Work item:
Go to the line below containing "Hamilton American Classic" and print exactly from there through the line containing "Luxury Twisted Gold Hoop Earrings", both included. Print nothing else.

Data excerpts:
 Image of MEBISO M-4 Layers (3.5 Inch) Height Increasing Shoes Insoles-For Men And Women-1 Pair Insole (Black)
==
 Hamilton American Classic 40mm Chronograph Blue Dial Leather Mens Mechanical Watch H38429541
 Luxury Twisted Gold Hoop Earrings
==
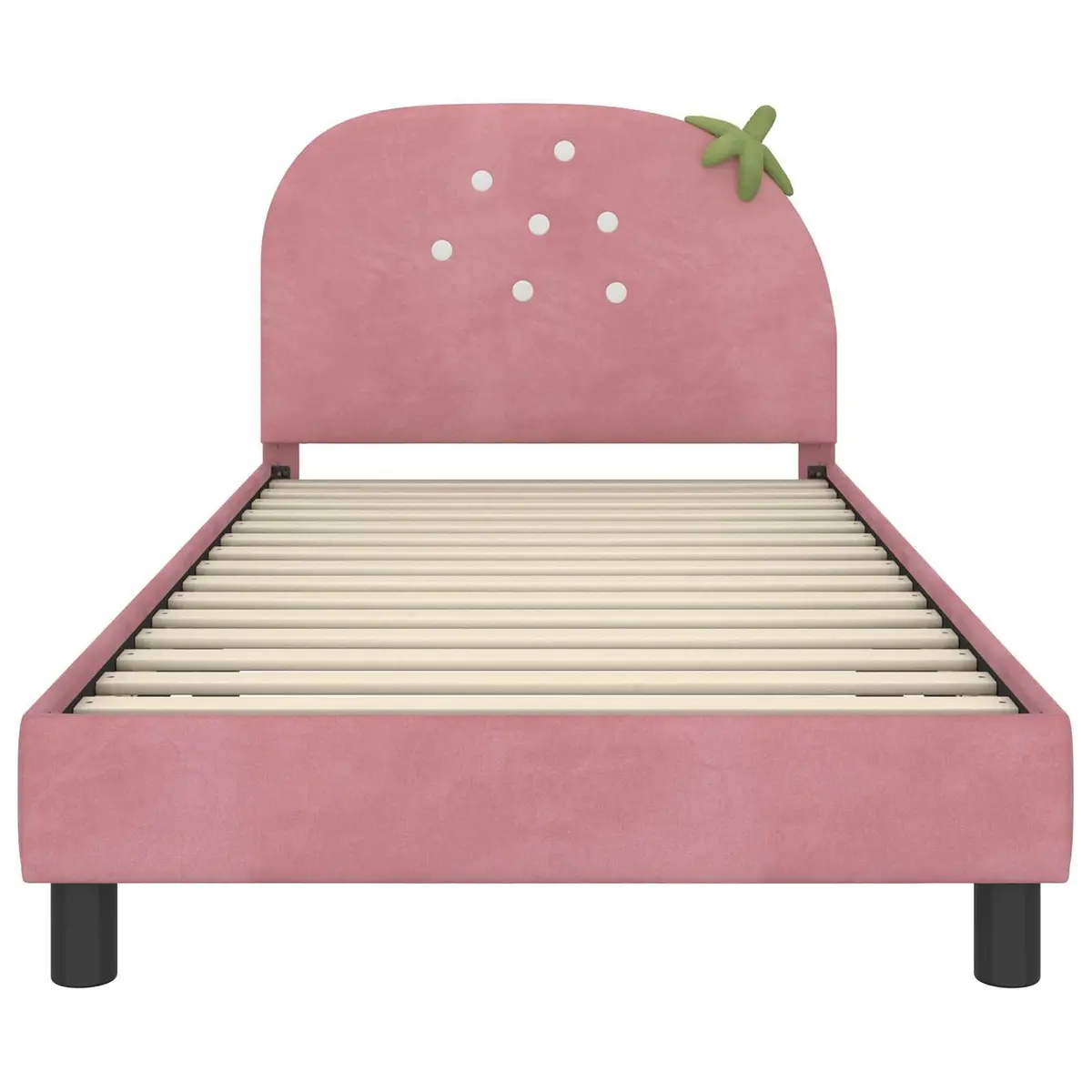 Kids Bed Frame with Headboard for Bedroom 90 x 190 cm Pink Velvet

Exercise result:
 Hamilton American Classic 40mm Chronograph Blue Dial Leather Mens Mechanical Watch H38429541
 Luxury Twisted Gold Hoop Earrings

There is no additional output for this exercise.